▶ **THE PROBLEM**
In the entries below, find the lines with the word "Thumbnail" and copy them.

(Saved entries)
════

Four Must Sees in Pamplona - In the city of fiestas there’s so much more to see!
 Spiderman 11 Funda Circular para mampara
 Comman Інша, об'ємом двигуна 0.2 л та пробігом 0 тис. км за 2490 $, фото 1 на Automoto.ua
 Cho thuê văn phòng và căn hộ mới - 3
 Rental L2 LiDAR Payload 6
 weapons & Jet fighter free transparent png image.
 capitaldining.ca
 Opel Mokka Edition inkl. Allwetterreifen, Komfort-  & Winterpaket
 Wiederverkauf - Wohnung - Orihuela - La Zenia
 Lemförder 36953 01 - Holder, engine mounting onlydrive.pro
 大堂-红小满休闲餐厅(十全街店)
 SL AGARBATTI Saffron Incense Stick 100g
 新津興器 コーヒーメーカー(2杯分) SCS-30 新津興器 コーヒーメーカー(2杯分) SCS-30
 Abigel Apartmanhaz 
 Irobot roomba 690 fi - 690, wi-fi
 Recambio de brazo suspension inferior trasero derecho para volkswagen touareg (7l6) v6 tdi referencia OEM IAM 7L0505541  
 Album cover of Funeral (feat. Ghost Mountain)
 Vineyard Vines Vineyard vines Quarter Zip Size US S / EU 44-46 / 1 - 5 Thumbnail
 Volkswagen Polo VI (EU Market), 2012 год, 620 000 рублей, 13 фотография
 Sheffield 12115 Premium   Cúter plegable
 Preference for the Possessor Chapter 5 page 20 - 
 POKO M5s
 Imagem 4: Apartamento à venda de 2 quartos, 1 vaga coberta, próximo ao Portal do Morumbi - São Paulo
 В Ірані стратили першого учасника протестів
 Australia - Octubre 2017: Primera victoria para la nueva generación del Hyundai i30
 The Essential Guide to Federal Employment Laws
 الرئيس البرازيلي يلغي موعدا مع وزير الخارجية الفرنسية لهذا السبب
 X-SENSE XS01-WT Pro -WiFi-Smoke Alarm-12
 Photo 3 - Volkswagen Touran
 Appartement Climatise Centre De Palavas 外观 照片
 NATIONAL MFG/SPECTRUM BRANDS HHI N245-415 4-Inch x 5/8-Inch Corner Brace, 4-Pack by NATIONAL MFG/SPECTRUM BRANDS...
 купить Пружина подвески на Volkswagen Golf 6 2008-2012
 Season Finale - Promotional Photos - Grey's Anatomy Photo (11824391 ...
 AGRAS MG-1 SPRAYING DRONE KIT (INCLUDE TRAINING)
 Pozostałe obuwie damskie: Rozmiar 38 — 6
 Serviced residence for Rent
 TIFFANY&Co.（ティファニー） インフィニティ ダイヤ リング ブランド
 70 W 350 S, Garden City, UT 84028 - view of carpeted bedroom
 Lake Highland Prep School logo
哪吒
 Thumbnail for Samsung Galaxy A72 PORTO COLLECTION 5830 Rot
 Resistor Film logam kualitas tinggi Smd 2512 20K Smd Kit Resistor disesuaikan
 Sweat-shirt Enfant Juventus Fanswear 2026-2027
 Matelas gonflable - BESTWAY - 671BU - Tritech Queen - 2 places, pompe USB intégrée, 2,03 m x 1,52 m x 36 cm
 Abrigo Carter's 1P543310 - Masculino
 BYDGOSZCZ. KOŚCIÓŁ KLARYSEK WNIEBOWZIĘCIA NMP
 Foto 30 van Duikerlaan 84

════

▶ **EXERCISE SOLUTION**
 Vineyard Vines Vineyard vines Quarter Zip Size US S / EU 44-46 / 1 - 5 Thumbnail
 Thumbnail for Samsung Galaxy A72 PORTO COLLECTION 5830 Rot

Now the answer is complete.